Chronique 9 : Lettre de Bakou

Août 24, 2009 | Chemins et distances

Avec le fils d'Ahmed Michel

Avec le fils d’Ahmed Michel

 HOMMAGE A AHMED MICHEL

 L’importance croissante accordée en France au  Débarquement du 6 juin 1944 sur les plages de Normandie tend à rejeter dans l’ombre le rôle décisif jouée par l’Armée rouge dans la bataille menée sur le continent européen contre les troupes allemandes.

Les Français savent cependant que la victoire de Stalingrad a marqué le grand tournant de la seconde guerre mondiale et beaucoup de nos concitoyens se souviennent avec émotion de la participation de l’escadrille Normandie-Niemen aux durs combats sur le front de l’Est. Mais ils ignorent, comme moi il y a quelques années, que des soldats venus des Républiques soviétiques participèrent à la Résistance sur le sol de France. Parmi eux, il y avait un citoyen de l’Azerbaïdjan que ses camarades français appelaient «Ahmed Michel » dont l’histoire mérite d’être contée.

Ahmedia Mikhailovitch Djebraïlov était un tout jeune sous-lieutenant aviateur qui servait sur un bombardier. Abattu en mai 1942 en Ukraine, blessé, capturé par les Allemands, il fut d’abord interné en Pologne, puis dans un camp de prisonniers en Alsace et de là transféré à Rodez avec d’autres Azerbaïdjanais. C’est alors qu’il réussit à s’évader en compagnie d’un de ses camarades, Vassily Batchinsky, mais nous ne savons comment il prit contact avec les résistants locaux.

Ahmed Michel

Ahmed Michel

Conduit au maquis de Quabertat le 22 mai 1944, Ahmedia Mikhaïlovitch fut intégré à la 6ème compagnie commandée par le capitaine Delplanque et participa aux combats pour la libération du Tarn et Garonne jusqu’à la victoire complète de la Résistance, le 28 août 1944. Heureux de lutter et de vivre en France, où il avait noué de tendres attaches, le maquisard Ahmed Michel signa un engagement dans l’armée française jusqu’à la fin de la guerre et participa aux campagnes d’Alsace et des Vosges.
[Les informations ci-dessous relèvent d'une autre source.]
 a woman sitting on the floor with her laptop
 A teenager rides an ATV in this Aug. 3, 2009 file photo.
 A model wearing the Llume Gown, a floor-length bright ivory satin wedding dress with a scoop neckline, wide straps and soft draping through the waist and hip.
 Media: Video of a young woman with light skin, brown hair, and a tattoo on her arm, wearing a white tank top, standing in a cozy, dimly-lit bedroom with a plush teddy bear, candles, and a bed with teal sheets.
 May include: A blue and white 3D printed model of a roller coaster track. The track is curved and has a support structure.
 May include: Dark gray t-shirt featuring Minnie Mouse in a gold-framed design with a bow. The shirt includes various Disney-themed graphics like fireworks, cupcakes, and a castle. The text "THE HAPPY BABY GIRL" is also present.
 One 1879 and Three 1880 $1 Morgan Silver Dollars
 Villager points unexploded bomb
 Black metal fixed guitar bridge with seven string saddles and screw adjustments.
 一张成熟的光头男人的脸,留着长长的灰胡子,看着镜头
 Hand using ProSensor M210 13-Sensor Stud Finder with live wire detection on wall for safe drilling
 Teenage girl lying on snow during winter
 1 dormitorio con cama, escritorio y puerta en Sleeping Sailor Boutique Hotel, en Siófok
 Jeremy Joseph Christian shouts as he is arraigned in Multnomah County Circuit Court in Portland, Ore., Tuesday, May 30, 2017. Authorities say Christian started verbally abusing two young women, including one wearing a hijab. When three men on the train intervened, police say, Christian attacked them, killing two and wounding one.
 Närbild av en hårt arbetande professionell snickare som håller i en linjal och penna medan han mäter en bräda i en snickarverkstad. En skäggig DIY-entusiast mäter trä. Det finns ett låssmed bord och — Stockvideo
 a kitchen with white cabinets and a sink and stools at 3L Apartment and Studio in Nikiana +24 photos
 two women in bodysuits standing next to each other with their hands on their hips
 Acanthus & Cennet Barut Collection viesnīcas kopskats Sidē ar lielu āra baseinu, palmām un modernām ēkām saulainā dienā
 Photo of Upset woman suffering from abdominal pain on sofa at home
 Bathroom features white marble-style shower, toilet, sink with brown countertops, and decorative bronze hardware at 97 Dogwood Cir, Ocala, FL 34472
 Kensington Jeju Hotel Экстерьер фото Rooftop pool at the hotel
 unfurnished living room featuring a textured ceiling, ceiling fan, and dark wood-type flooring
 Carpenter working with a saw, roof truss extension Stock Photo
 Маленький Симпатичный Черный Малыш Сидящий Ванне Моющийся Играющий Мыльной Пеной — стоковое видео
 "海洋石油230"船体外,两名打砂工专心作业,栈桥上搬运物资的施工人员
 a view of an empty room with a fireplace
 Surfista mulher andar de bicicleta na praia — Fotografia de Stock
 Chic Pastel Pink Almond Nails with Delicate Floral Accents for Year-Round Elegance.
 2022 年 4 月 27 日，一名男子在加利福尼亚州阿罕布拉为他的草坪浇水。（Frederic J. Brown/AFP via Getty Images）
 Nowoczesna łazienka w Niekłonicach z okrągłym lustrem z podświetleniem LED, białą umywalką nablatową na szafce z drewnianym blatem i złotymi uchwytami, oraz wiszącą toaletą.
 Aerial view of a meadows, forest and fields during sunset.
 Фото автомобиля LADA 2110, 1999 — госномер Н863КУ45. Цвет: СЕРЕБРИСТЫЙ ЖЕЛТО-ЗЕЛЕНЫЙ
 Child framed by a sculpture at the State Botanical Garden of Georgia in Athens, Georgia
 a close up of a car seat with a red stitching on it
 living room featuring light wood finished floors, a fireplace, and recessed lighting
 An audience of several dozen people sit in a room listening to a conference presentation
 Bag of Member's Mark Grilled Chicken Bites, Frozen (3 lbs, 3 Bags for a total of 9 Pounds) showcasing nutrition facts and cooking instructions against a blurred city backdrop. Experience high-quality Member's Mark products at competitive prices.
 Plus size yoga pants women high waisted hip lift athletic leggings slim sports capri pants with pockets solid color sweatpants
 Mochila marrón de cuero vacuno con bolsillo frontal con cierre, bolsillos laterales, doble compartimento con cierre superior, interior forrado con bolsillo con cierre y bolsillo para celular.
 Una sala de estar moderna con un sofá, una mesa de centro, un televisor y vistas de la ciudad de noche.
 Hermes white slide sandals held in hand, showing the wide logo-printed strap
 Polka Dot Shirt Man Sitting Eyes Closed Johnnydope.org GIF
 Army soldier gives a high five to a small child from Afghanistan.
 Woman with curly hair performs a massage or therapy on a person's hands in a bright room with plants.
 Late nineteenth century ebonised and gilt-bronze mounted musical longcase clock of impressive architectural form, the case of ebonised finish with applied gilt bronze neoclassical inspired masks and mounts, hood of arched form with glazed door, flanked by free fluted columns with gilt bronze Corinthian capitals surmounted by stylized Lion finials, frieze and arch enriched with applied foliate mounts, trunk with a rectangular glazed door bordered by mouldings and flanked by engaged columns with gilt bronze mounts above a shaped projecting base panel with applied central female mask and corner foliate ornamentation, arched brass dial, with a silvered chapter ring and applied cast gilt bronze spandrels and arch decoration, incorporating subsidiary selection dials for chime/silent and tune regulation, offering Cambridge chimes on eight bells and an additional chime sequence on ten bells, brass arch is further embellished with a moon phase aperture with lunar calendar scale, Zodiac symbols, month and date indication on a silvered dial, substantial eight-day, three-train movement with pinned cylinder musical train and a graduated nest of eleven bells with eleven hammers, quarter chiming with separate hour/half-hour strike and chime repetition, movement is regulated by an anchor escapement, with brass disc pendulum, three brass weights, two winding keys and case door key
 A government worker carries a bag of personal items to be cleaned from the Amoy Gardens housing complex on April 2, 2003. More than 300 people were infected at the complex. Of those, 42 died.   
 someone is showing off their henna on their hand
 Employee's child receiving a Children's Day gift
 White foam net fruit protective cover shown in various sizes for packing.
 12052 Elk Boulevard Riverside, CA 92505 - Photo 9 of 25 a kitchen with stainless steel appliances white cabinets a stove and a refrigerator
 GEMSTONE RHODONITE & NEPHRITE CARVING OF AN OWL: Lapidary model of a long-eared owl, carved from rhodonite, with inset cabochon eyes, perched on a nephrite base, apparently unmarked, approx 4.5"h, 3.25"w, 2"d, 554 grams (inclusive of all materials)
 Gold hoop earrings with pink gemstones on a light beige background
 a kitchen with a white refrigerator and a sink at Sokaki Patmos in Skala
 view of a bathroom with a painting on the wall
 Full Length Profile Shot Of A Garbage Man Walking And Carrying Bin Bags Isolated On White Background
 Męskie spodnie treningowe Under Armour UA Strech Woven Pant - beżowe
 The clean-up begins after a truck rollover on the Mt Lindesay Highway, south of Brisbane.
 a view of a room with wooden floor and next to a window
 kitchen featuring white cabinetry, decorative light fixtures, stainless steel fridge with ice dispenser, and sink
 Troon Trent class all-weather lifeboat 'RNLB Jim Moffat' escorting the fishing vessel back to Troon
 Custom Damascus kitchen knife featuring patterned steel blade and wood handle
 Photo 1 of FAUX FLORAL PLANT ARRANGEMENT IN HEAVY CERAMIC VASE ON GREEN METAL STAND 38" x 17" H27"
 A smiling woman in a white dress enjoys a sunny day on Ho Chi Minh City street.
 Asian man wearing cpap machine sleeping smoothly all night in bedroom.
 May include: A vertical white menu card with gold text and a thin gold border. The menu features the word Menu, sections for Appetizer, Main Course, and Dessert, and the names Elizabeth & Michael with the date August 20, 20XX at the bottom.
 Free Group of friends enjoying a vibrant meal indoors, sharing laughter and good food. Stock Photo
Le document que je résume figure en bonne place dans le petit musée que le fils d’Ahmed Michel a consacré à son père, au premier étage de la maison familiale située dans un village non loin de la petite ville de Sheki, connue pour la beauté de son palais et le charme de ses vieilles rues. C’est en juillet 2006 que j’ai été accueilli dans cette maison à la façade ornée des drapeaux azerbaïdjanais et français, en compagnie de Fuad Bekirsoy, mon guide, de Sévil et d’Elnara, deux étudiantes francophones. Après avoir compté avec émotion les décorations soviétiques et françaises du héros, consulté les coupures de presse et divers documents, nous nous sommes installés au rez-de-chaussée pour regarder les émissions que la télévision soviétique avait consacrées à l’épopée d’Ahmed Michel, à ses retrouvailles, dans la France de l’après-guerre, avec ses camarades du maquis et à l’hommage qui lui fut adressé, lors de son enterrement, par les autorités soviétiques et par l’ambassadeur de France, Jean-Pierre Guinuth.

D’autres soldats soviétiques ont combattu en France. Quelques uns y ont trouvé la mort et sont enterrés sur notre sol. Se souvenir de leur libre engagement et de leur sacrifice permet de renforcer nos liens avec les peuples de Russie, du Caucase et de l’Asie centrale qui, toutes générations confondues, gardent avec fierté le souvenir de la guerre contre l’Allemagne nazie.

 ***

A Bakou, le 14 juillet 2009, lors de la réception donnée par l’ambassade de France, j’ai revu avec joie mes amis étudiants – ils ont maintenant entamé de belles carrières – et regretté de n’avoir pas encore tenu ma promesse d’écrire un article en mémoire d’Ahmed Michel. C’est chose faite.